EL-SAAD: UNE "LOI-PIEGEE" 
Considérant la “loi sur l’enrichissement illicite” comme une “loi-mine”, M. Fouad el-Saad, ancien député d’Aley, explique que son timing et ses clauses constituent autant de “mines” capables d’entraver son application, pour les raisons suivantes: 
1- Que signifie la promulgation d’une telle loi, alors que celle de 1953 est toujours en vigueur? 
D’autres propositions de loi ont été présentées dans le passé; celles de M. Boutros Harb; de la commission pour la rénovation des lois; de la haute Cour pour le jugement des chefs d’Etat, des ministres, des membres de l’Assemblée. Si elles avaient été appliquées, nous aurions obtenu les mêmes résultats que ceux que nous escomptons de la nouvelle loi. 
2- Puis, son timing tend à protéger tous les crimes et contraventions d’enrichissement illicite commis durant le mandat du président Hraoui. 
A l’orée d’un nouveau mandat présidentiel, lorsque l’Etat recouvrera son prestige et son autorité, nous n’aurons pas besoin d’une telle législation. 
Et d’ajouter: “Envisagée sous son aspect juridique, cette loi stipule: la déposition en cas de plainte, d’une caution de 100 millions de livres libanaises; l’imposition d’une amende au commissaire du gouvernement en cas de non confirmation de l’enrichissement illicite et la prescription constituent autant de “mines” capables de torpiller la loi. 
“D’autre part, celle-ci porte préjudice au plaignant qui est supposé être directement endommagé.
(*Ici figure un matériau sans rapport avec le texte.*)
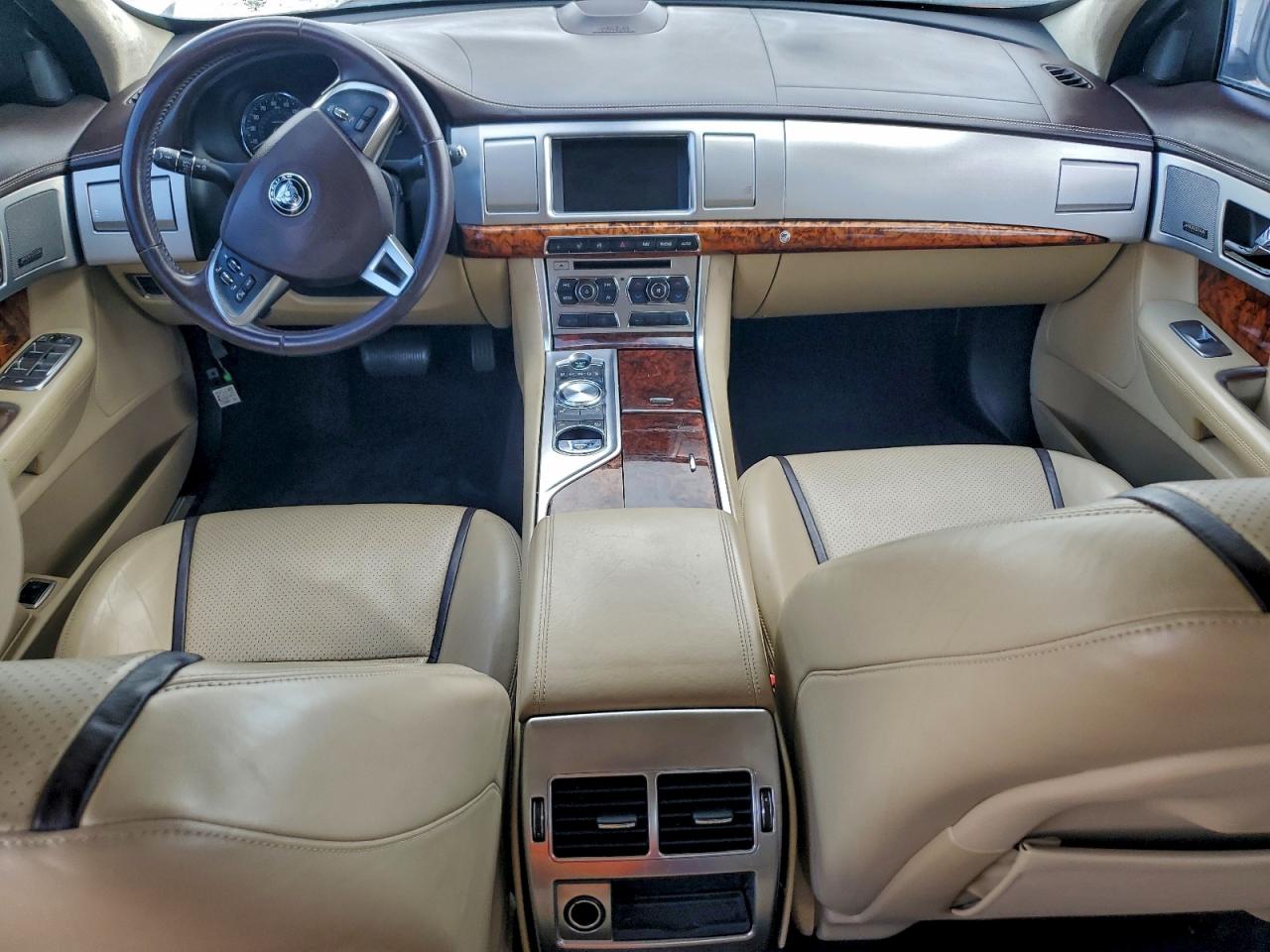 Jaguar XF 3.0 Sport Image 9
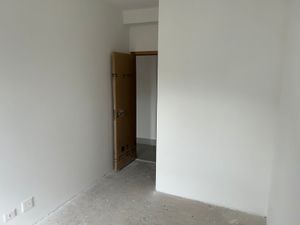 Image 12 - 843973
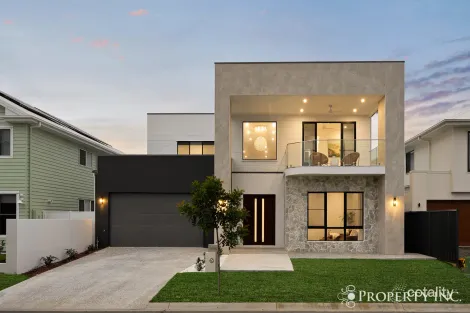 229 Coolum Pde, Newport, QLD 4020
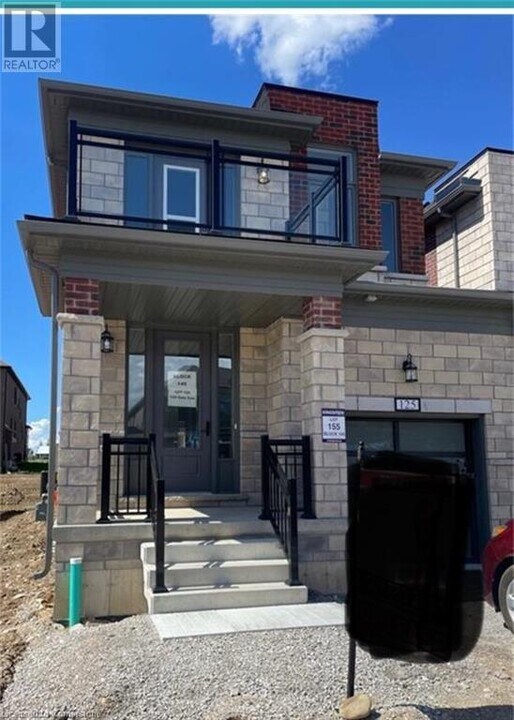 125 Cole Ter in Woodstock, ON - Building Photo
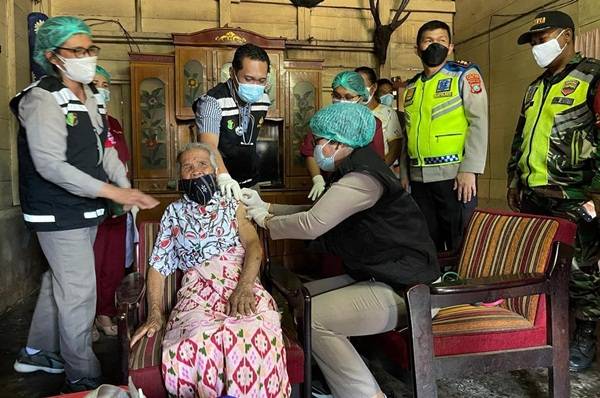 Peringati 31 Tahun Pengabdian, AKABRI 1990 Gelar Vaksinasi di Taput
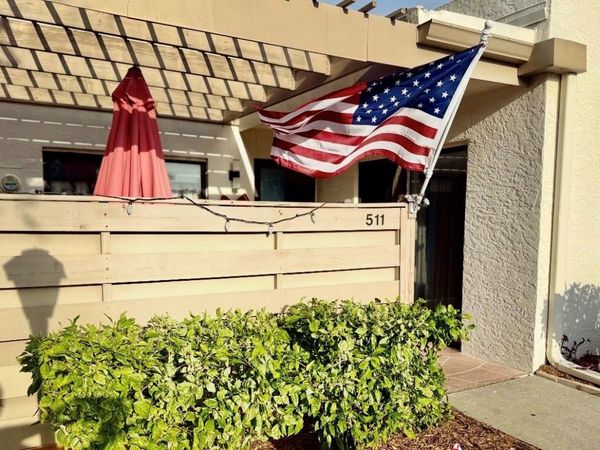 511 LAKESIDE DRIVE, BRADENTON, FL 34210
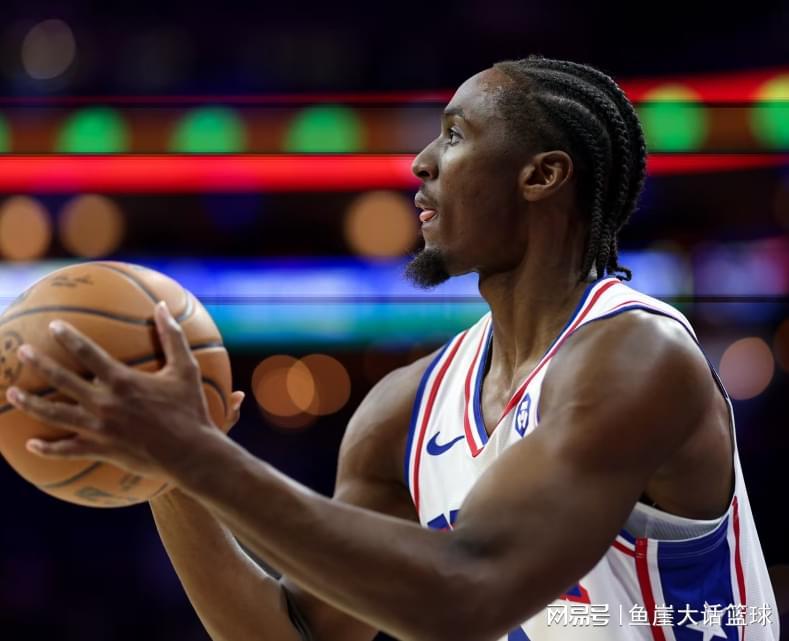 76人狂胜篮网！马克西26+7，埃奇库姆单节爆发，乌布雷高效输出
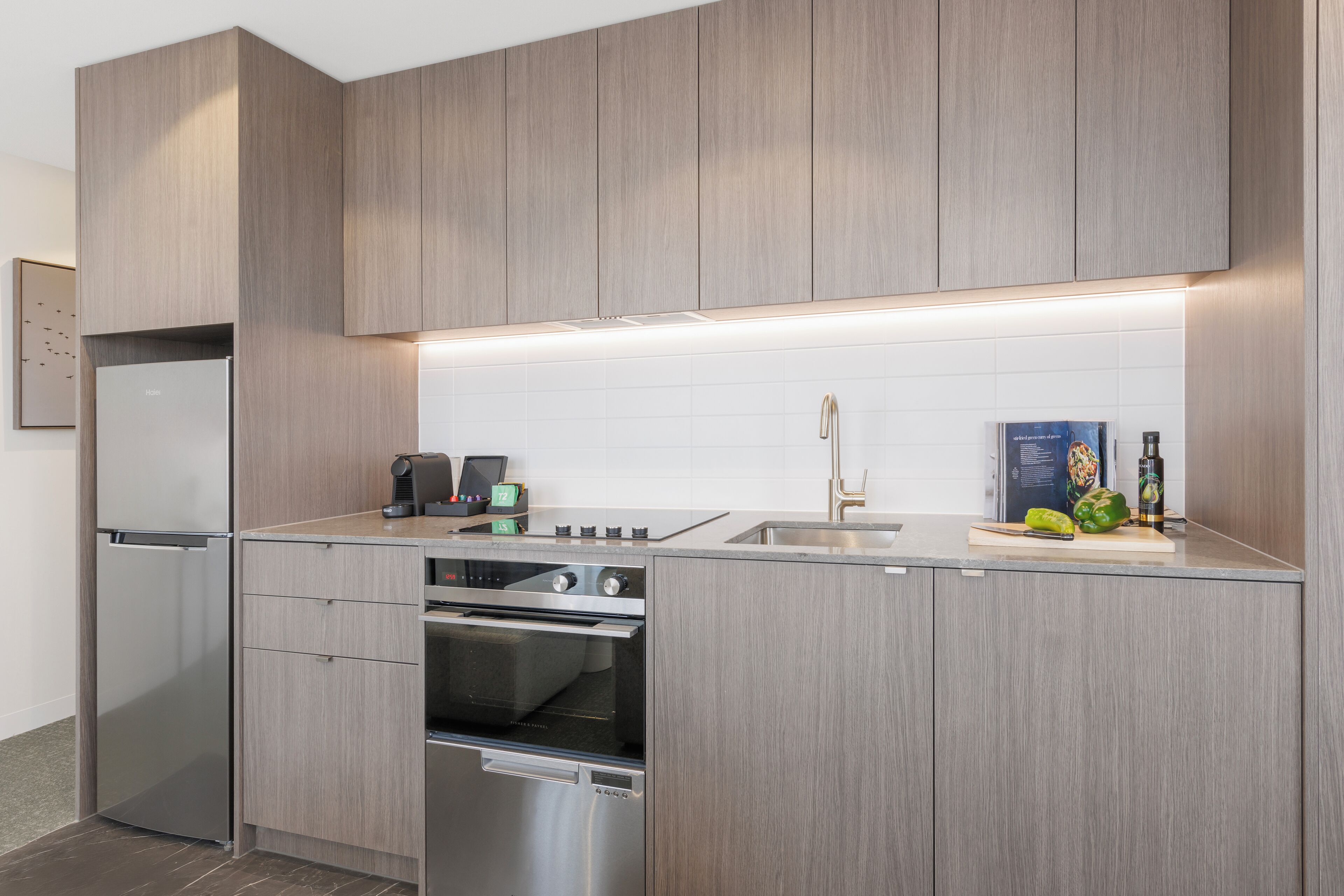 Huoneisto, 2 makuuhuonetta | Yksityinen keittiö | Täysikokoinen jääkaappi, mikroaaltouuni, astianpesukone, espressokone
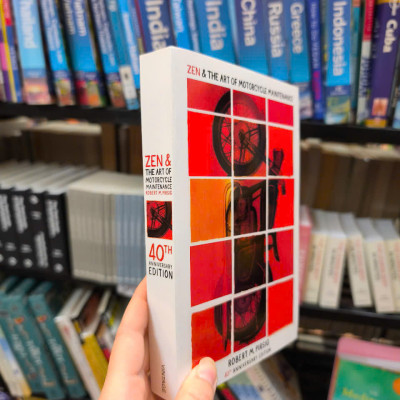 Sách - Zen & the Art of Motorcycle Maintenance by Robert M Pirsig - Sách tiếng anh, Bìa mềm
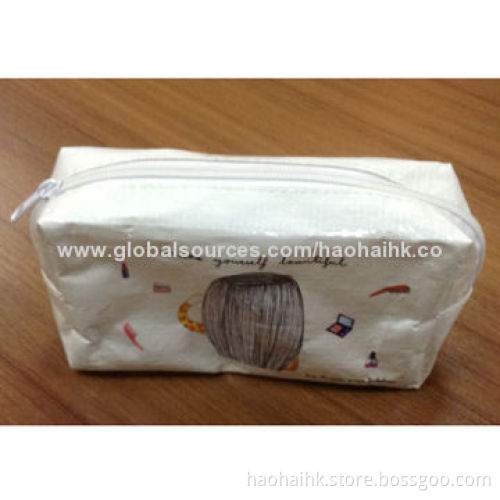 Cosmetic Bag with Functions of Water, Production of Raw Material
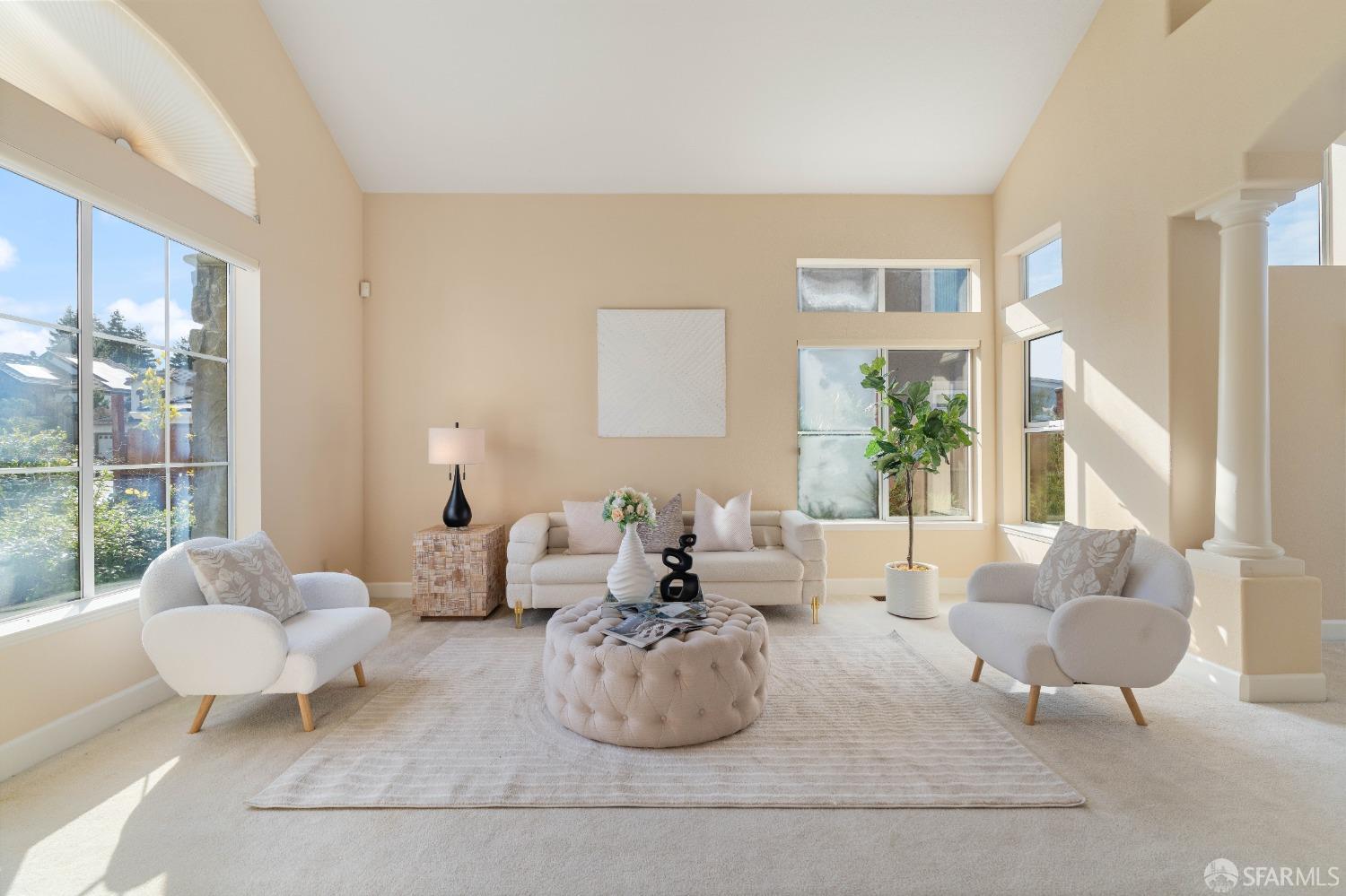 Detail Gallery Image 5 of 49 For 17 Lakewood Cir, San Mateo,  CA 94402 - 4 Beds | 3 Baths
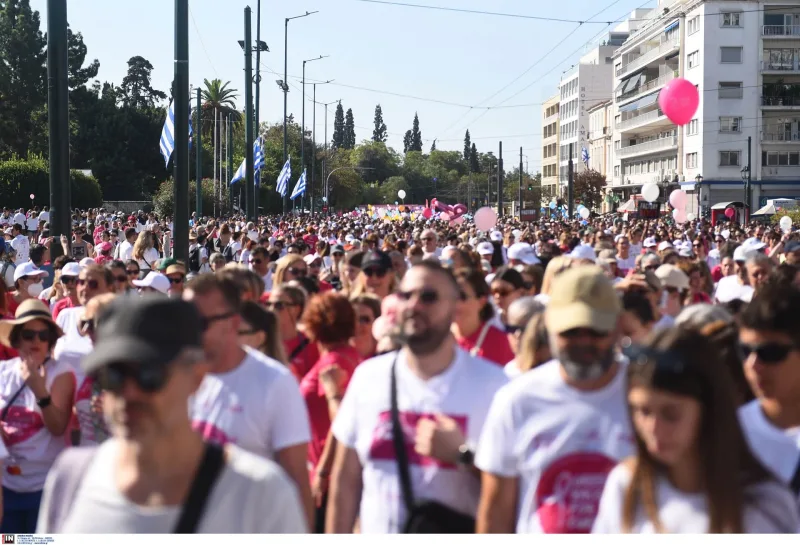 Πλήθος κόσμου συμμετέχει στο Greece Race for the Cure σε κεντρικό δρόμο της Αθήνας.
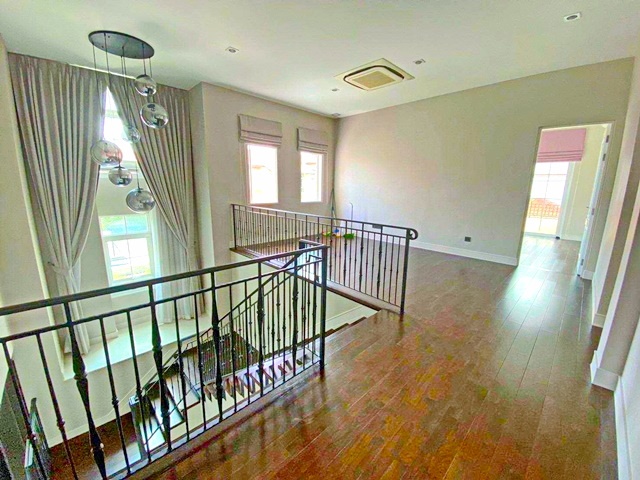 เฟอร์บิวท์อิน คฤหาสน์ นันทวัน บางนา กม.7เมกา บางนา 1กม.4นอน  2ชั้น MRT ศรีลาซาล 3.3กม. 5น้ำ ม 405ตร.ม 142ตร.ว ฟิตเนส  สุวรรณภูมิ 1กม.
Quant à la levée de l’immunité couvrant les députés, elle contredit la Constitution qui leur accorde le droit d’expression en tant que représentants du peuple durant toute la législature. 
“En ce qui concerne le secret bancaire, bien des difficultés entravent sa levée. Pour la procédure judiciaire, la plainte est annulée, en cas de décès du plaignant, mais se poursuit en cas d’application du code de procédure civile. Ce que ne stipule pas la nouvelle loi qui, au lieu d’être appliquée pour poursuivre des crimes commis à l’encontre de l’Etat et du citoyen, complique davantage les choses. Il serait alors préférable d’appliquer les lois en vigueur.”